Northern Ireland could be given joint EU and UK status and a “buffer zone” on its border with Ireland, under new plans being drawn up by David Davis, according to reports.
There was no immediate response from the Department for Exiting the EU to a report in the Sun suggesting the Brexit secretary was to put forward a radical solution to the thorny issue of future customs arrangements.
Theresa May’s Brexit subcommittee is split down the middle between the prime minister’s preferred “customs partnership”, under which the UK would gather tariffs on behalf of the EU, and the “maximum facilitation” solution, using technology to avoid the need for border checks.
With pressure mounting to agree on a position before a summit of EU leaders on 28 June, May set up two working groups to find amendments to the schemes which could unite her feuding ministers.
According to the Sun, Davis – who heads the “max fac” group – was ready to drop his support for technological solutions, after police said systems, such as number plate recognition cameras, could become a target for sectarian attack.
Instead, he was reportedly drawing up a plan based on the “double-hatted” model in place in Liechtenstein, which would allow Northern Ireland to operate under both UK and EU regulations at the same time.

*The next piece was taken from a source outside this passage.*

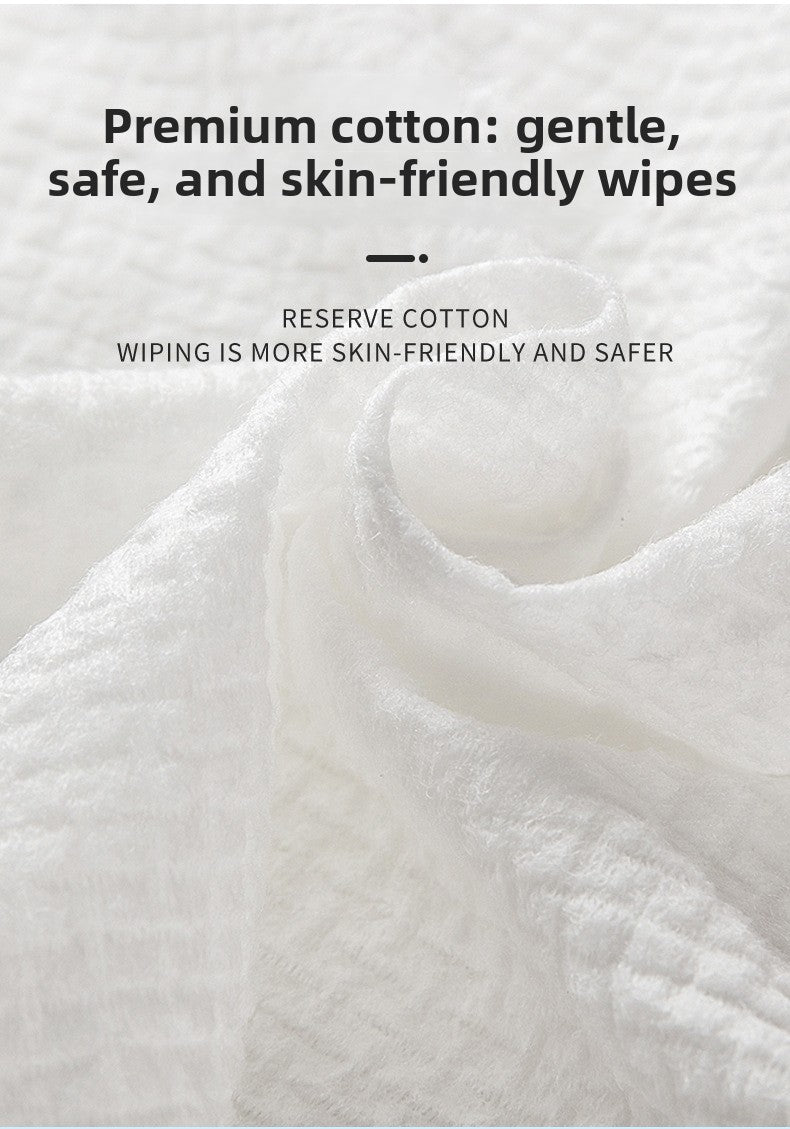 Amazon Hot-Selling Face Towels Disposable Cotton Soft Towels Extra Large Thickened EF Pattern Makeup Removal Wipes Disposable Face Towels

A 10-mile wide “special economic zone” would be created along the 310-mile border, within which traders could operate under the republic’s trade rules.
An unnamed Whitehall source told the paper: “Max fac 2 is tremendously complicated, but it’s at least something the cabinet can unite around.”
The source acknowledged it would be a challenge to secure backing for the plan from the Democratic Unionist party, which props up May’s government at Westminster and has made clear that it does not want Northern Ireland treated differently from the rest of the UK.